Que, les lois qui paraissent s’éloigner des vues du législateur y sont souvent conformes.


La loi de Solon, qui déclarait infâmes tous ceux qui, dans une sédition, ne prendraient aucun parti, a paru bien extraordinaire : mais il faut faire attention aux circonstances dans lesquelles la Grèce se trouvait pour lors. Elle était partagée en de très petits États : il était à craindre que, dans une république travaillée par des dissensions civiles, les gens les plus prudents ne se missent à couvert, et que par là les choses ne fussent portées à l’extrémité.
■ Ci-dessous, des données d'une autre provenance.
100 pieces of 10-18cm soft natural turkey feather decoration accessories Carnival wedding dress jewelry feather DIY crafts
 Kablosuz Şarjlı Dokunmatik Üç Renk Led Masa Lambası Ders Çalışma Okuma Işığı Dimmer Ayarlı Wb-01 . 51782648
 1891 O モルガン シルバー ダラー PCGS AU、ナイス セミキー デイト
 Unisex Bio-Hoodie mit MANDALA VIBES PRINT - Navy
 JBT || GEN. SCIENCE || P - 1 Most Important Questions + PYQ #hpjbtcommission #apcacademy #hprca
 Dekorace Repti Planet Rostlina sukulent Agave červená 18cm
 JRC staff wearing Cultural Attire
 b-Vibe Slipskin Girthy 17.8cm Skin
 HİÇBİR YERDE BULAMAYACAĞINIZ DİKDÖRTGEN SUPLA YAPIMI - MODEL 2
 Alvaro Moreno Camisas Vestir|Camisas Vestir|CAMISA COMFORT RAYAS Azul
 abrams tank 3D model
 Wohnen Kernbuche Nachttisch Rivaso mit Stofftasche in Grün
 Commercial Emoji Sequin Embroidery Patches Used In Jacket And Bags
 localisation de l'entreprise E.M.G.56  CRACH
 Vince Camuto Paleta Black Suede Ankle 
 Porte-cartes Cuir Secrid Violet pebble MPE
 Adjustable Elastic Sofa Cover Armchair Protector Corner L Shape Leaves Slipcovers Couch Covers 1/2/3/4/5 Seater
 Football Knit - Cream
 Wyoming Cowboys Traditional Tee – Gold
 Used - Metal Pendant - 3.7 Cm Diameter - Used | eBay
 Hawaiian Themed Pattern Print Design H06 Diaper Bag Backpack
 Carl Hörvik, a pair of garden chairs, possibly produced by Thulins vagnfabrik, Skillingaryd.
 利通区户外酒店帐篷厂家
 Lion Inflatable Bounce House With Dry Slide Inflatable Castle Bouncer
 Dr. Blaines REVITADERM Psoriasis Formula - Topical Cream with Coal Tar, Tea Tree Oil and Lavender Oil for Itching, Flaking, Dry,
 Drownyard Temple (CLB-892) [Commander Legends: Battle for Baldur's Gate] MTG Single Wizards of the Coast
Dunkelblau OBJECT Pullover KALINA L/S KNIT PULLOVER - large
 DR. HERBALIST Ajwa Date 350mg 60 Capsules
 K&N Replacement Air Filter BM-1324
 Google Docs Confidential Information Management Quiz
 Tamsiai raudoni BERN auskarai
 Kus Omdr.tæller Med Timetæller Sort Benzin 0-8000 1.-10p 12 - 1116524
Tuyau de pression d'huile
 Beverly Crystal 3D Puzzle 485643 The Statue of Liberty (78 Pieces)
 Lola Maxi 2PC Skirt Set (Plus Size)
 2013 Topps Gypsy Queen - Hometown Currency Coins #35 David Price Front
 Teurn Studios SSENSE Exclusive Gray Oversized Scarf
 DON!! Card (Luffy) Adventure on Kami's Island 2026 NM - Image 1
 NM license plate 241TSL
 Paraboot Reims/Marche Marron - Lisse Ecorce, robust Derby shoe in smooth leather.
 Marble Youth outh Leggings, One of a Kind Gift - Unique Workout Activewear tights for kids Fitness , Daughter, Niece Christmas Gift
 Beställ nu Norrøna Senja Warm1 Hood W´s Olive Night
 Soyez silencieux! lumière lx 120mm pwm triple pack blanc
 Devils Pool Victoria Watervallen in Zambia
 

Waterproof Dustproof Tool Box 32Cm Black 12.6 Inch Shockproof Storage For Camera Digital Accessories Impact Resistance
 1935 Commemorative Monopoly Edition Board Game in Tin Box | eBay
Dans les séditions qui arrivaient dans ces petits États, le gros de la cité entrait dans la querelle, ou la faisait. Dans nos grandes monarchies, les partis sont formés par peu de gens, et le peuple voudrait vivre dans l’inaction. Dans ce cas, il est naturel de rappeler les séditieux au gros des citoyens, non pas le gros des citoyens aux séditieux : dans l’autre, il faut faire rentrer le petit nombre de gens sages et tranquilles parmi les séditieux : c’est ainsi que la fermentation d’une liqueur peut être arrêtée par une seule goutte d’une autre.

  1. Cécilius dit qu’il n’a jamais vu ni lu que cette peine eût été infligé : mais il y a apparence qu’elle n’a jamais été établi. L’opinion de quelques jurisconsultes, que la loi des douze-tables ne parlait que de la division du prix du débiteur vendu, est très-vraisembable.